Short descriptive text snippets

BEGIN

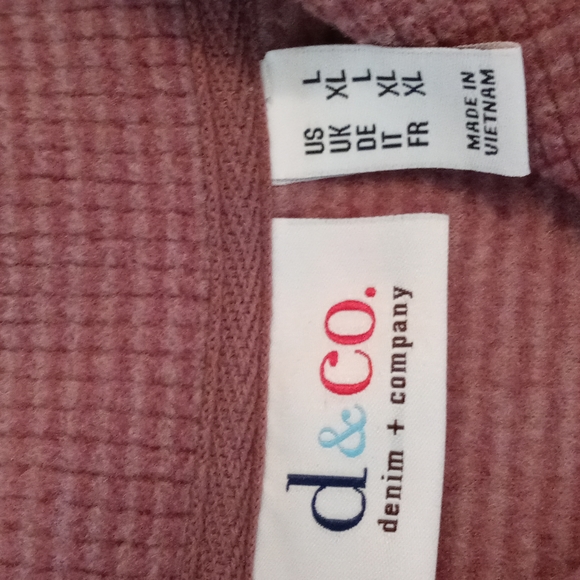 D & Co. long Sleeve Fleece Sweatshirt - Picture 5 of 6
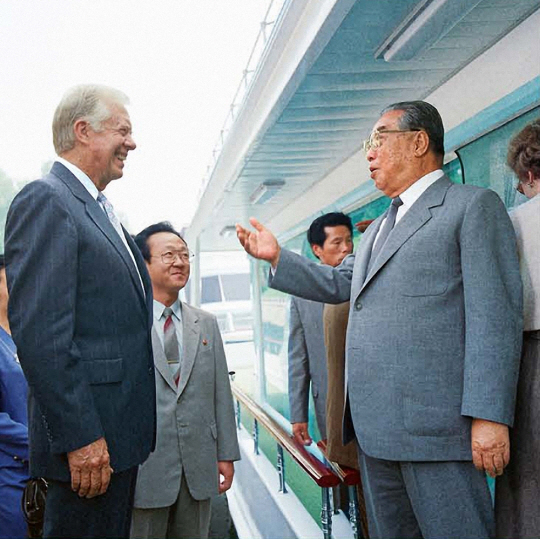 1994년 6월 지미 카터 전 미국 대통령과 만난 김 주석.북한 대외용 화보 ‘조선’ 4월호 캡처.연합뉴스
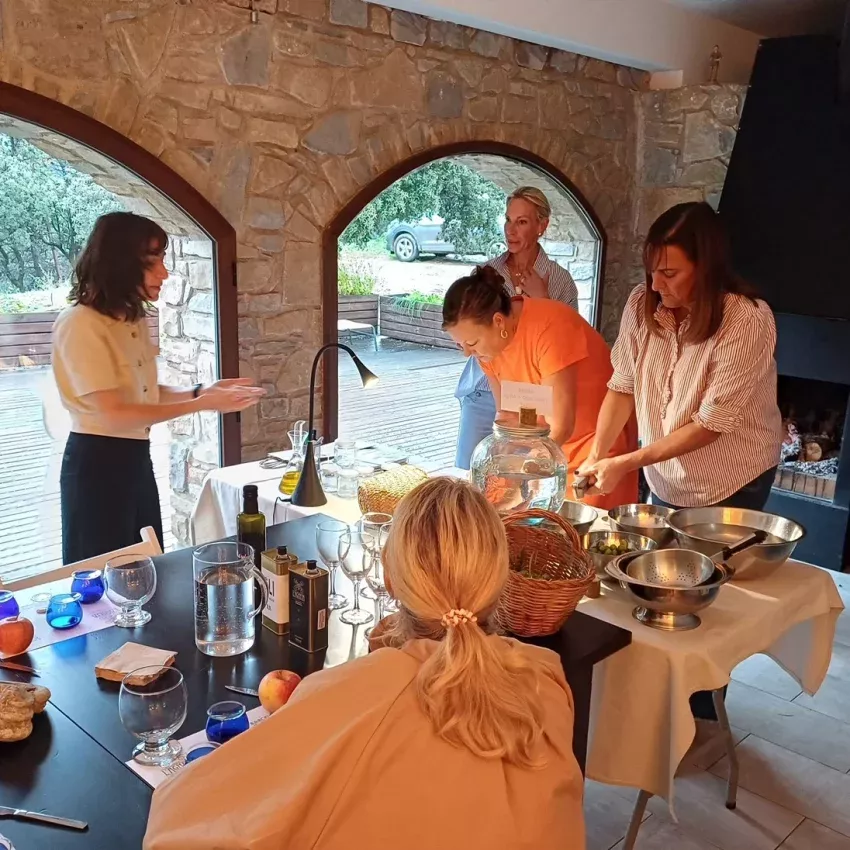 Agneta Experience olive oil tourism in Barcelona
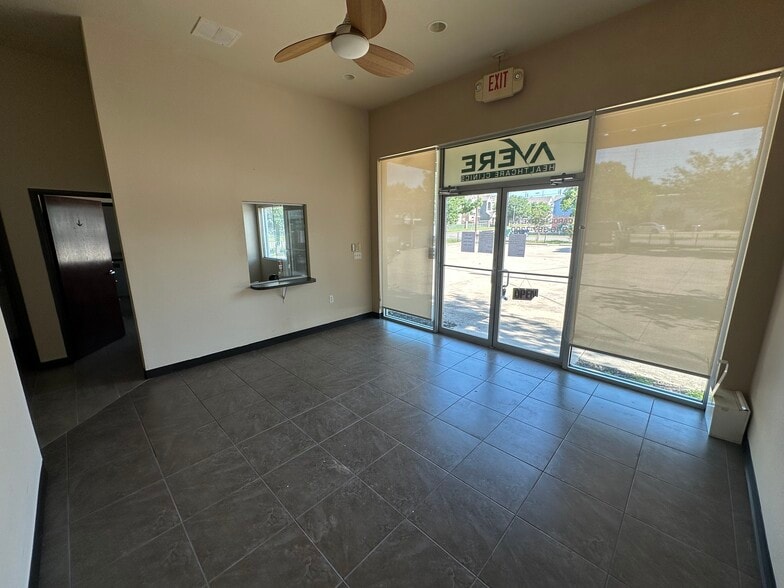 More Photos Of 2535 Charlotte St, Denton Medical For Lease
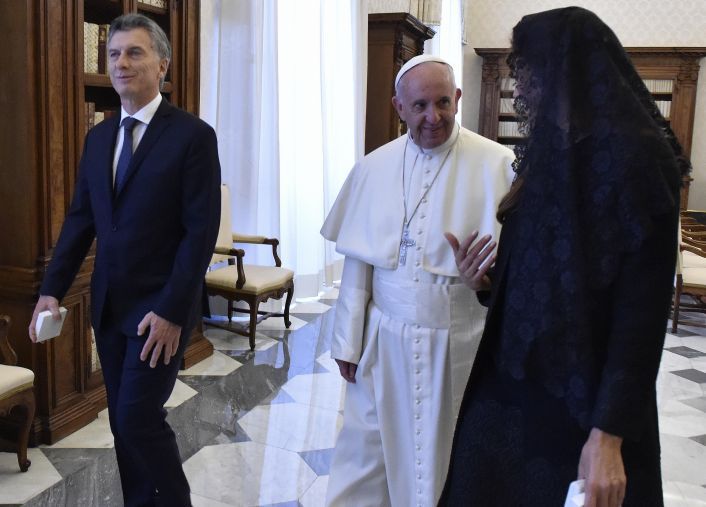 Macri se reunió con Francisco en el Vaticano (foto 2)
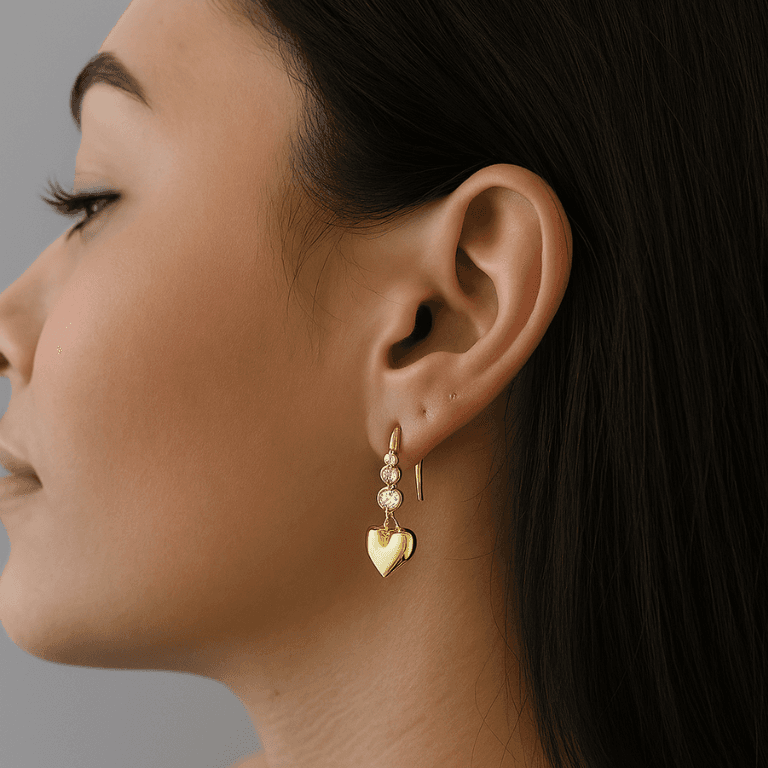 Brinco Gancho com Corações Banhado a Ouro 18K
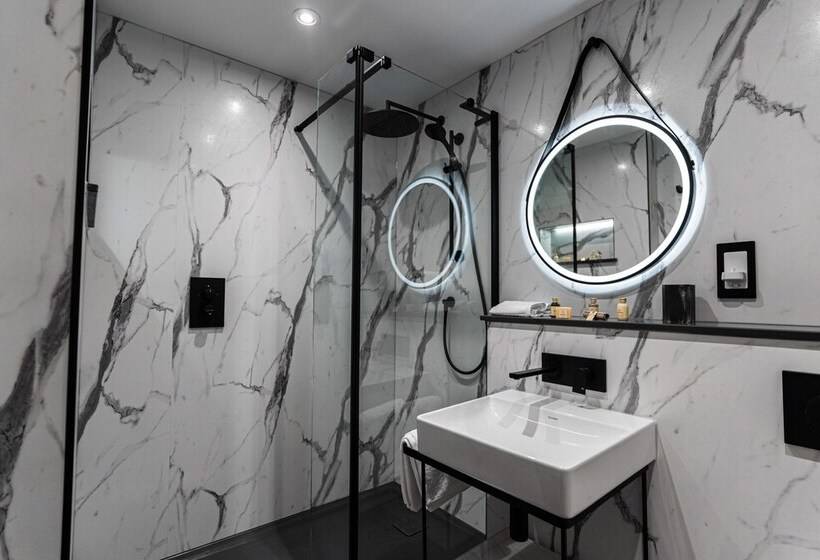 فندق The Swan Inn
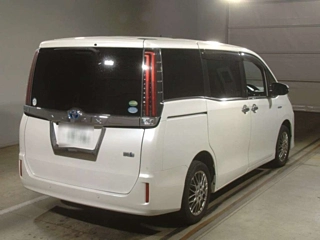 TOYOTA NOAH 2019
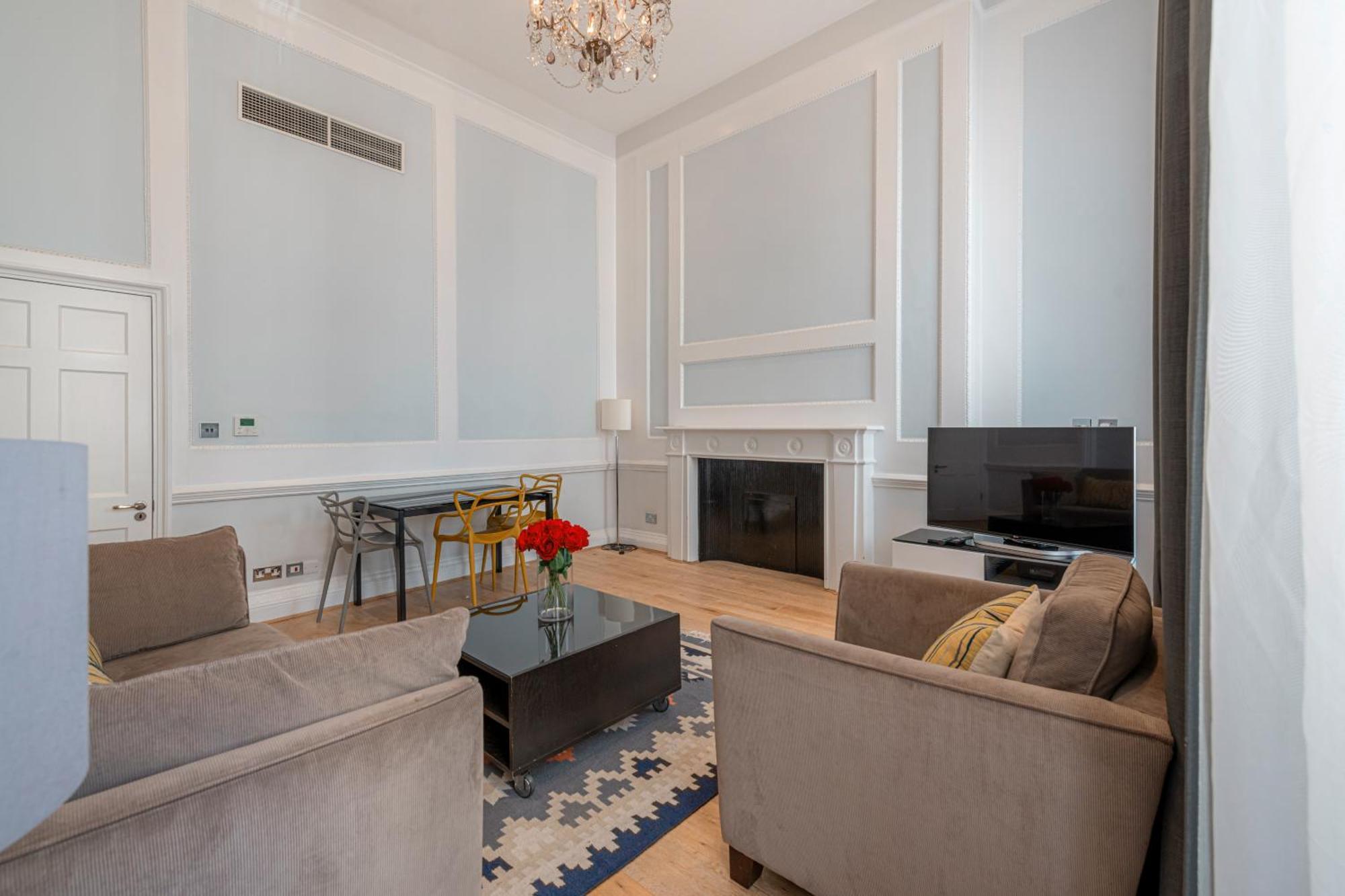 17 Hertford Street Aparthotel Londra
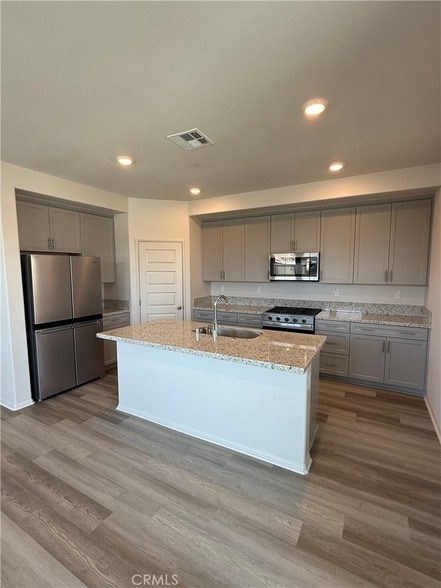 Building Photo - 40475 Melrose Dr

END

• [Work instruction] Copy every line of the records exactly as it is written, but not the pictures.

• [Final answer]
 D & Co. long Sleeve Fleece Sweatshirt - Picture 5 of 6
 1994년 6월 지미 카터 전 미국 대통령과 만난 김 주석.북한 대외용 화보 ‘조선’ 4월호 캡처.연합뉴스
 Agneta Experience olive oil tourism in Barcelona
 More Photos Of 2535 Charlotte St, Denton Medical For Lease
 Macri se reunió con Francisco en el Vaticano (foto 2)
 Brinco Gancho com Corações Banhado a Ouro 18K
 فندق The Swan Inn
 TOYOTA NOAH 2019
 17 Hertford Street Aparthotel Londra
 Building Photo - 40475 Melrose Dr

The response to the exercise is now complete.